Start of AVAILABLE RECORDS

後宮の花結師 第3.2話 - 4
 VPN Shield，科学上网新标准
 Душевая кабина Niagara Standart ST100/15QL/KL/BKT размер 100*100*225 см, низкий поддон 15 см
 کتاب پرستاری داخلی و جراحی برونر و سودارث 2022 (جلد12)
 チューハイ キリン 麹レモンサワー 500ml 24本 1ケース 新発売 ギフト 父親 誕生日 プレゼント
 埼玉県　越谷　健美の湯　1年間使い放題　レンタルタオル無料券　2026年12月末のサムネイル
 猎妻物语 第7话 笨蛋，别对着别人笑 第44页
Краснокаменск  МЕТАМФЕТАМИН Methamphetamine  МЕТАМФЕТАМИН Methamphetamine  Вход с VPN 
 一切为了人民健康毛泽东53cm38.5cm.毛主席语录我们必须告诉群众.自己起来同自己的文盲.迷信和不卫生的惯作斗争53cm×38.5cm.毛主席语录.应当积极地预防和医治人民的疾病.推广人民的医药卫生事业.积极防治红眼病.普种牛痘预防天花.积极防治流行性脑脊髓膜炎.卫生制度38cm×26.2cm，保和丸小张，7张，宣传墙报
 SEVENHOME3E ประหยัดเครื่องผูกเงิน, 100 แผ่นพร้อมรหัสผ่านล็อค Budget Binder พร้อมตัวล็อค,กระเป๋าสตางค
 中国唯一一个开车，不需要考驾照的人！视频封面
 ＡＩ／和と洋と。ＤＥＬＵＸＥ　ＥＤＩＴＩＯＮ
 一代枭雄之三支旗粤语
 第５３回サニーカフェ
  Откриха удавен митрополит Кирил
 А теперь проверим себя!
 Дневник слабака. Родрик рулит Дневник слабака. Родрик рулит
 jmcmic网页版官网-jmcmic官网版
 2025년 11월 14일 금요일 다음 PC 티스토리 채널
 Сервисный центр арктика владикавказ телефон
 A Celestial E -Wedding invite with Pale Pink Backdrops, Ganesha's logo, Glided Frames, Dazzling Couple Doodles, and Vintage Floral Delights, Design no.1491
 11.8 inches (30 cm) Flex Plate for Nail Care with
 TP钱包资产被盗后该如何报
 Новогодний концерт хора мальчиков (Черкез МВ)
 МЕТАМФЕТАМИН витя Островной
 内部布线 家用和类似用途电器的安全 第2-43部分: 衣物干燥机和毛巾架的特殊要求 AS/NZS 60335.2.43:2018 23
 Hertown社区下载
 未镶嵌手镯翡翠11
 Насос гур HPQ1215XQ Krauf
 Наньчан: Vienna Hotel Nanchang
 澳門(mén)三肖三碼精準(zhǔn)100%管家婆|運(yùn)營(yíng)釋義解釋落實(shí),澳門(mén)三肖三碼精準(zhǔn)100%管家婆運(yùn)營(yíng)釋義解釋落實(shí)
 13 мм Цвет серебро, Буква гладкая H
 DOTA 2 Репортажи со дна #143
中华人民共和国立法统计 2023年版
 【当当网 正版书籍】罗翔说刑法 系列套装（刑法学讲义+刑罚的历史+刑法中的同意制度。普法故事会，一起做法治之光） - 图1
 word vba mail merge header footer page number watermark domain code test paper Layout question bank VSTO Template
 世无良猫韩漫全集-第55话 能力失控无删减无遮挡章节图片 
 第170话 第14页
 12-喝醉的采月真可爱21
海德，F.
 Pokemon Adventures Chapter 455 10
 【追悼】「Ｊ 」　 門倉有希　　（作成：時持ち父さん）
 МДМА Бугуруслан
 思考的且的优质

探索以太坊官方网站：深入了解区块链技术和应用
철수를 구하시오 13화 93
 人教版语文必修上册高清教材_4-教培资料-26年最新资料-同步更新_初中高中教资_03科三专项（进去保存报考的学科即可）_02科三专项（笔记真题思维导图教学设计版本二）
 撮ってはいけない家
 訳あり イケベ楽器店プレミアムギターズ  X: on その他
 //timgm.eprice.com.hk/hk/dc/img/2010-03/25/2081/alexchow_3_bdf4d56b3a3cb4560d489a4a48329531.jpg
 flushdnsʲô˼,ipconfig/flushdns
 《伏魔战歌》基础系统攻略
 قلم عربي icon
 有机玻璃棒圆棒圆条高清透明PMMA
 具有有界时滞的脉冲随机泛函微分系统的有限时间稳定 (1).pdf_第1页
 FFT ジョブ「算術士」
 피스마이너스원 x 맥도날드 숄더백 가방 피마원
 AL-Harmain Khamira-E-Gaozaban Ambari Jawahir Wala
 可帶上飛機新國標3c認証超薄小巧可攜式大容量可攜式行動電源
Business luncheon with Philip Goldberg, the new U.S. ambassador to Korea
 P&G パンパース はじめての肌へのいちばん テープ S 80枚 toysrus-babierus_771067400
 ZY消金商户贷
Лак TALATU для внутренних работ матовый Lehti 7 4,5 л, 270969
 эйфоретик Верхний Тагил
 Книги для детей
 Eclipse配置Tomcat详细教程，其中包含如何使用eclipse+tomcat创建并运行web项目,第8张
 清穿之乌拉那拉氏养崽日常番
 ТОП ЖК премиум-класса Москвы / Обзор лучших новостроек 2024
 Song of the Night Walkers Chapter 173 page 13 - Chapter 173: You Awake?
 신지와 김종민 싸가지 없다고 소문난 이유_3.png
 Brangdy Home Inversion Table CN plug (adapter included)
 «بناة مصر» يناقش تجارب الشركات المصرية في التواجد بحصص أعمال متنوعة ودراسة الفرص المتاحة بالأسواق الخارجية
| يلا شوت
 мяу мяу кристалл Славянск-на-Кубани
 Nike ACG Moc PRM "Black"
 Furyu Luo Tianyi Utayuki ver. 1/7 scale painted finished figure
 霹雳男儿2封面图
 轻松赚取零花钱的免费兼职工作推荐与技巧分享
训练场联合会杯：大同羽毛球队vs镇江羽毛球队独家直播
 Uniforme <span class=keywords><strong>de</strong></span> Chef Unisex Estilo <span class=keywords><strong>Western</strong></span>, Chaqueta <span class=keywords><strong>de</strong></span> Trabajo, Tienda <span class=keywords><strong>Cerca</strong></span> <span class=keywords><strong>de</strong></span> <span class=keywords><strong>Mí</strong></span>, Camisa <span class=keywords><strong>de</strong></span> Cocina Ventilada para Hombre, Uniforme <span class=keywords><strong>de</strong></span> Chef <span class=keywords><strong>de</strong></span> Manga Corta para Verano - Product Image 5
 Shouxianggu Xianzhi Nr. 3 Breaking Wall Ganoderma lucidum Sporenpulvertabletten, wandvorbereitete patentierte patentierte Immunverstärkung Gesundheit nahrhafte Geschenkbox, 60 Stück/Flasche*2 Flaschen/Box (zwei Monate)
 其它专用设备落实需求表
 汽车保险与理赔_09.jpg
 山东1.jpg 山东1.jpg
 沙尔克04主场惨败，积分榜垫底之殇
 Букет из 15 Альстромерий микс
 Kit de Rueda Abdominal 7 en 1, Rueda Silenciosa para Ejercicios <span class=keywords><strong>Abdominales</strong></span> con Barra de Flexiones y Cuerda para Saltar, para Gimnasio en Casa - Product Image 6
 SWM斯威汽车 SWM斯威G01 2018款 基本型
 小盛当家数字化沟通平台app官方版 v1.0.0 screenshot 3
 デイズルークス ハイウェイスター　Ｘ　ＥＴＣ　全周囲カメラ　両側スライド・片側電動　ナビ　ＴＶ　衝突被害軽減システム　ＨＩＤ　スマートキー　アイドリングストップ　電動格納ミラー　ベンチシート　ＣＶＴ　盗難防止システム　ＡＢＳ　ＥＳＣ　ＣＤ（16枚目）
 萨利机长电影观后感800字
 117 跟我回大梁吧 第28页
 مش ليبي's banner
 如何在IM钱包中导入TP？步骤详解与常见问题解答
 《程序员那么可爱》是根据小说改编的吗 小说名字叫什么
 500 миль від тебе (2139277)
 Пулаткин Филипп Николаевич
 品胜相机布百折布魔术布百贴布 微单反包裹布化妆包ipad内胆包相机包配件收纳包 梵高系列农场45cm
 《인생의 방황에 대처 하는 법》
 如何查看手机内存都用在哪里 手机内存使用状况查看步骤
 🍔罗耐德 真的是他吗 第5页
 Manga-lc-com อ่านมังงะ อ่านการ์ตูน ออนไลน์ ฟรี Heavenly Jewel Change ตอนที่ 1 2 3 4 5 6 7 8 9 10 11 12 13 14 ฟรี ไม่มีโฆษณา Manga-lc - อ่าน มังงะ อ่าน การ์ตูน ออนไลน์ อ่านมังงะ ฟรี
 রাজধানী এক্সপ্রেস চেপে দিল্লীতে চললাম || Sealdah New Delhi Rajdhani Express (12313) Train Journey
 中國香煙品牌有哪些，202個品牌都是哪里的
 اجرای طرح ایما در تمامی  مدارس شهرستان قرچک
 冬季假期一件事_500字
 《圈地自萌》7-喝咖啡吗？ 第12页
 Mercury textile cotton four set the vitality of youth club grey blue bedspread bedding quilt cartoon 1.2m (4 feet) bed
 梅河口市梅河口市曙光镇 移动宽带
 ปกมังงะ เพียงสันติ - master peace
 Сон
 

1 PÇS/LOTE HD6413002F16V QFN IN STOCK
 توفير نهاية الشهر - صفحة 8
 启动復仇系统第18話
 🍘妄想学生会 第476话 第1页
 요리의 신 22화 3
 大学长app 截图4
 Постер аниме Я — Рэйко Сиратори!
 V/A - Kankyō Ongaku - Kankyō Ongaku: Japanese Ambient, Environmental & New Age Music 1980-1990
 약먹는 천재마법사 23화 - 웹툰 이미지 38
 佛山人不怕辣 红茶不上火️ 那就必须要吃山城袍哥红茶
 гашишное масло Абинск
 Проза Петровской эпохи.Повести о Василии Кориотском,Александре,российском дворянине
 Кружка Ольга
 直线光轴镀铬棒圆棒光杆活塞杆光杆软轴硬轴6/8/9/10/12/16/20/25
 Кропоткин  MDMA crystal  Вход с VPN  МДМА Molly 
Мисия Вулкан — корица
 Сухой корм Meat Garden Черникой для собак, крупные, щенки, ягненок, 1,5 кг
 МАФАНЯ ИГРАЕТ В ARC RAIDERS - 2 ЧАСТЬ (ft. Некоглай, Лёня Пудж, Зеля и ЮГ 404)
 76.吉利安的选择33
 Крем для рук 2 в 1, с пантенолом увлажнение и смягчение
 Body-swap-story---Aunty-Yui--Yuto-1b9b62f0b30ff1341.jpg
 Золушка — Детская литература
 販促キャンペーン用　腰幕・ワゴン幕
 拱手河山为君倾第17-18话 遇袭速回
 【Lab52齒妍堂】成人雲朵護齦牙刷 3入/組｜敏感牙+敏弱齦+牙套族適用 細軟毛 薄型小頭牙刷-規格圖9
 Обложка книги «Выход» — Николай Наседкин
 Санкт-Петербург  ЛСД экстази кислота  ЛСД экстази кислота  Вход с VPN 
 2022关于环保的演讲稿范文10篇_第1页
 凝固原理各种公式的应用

End of AVAILABLE RECORDS

§ **WHAT IS EXPECTED**: Determine how many lines of the material include the string "Product", and give only the resulting number.

§ **FINAL ANSWER**: 2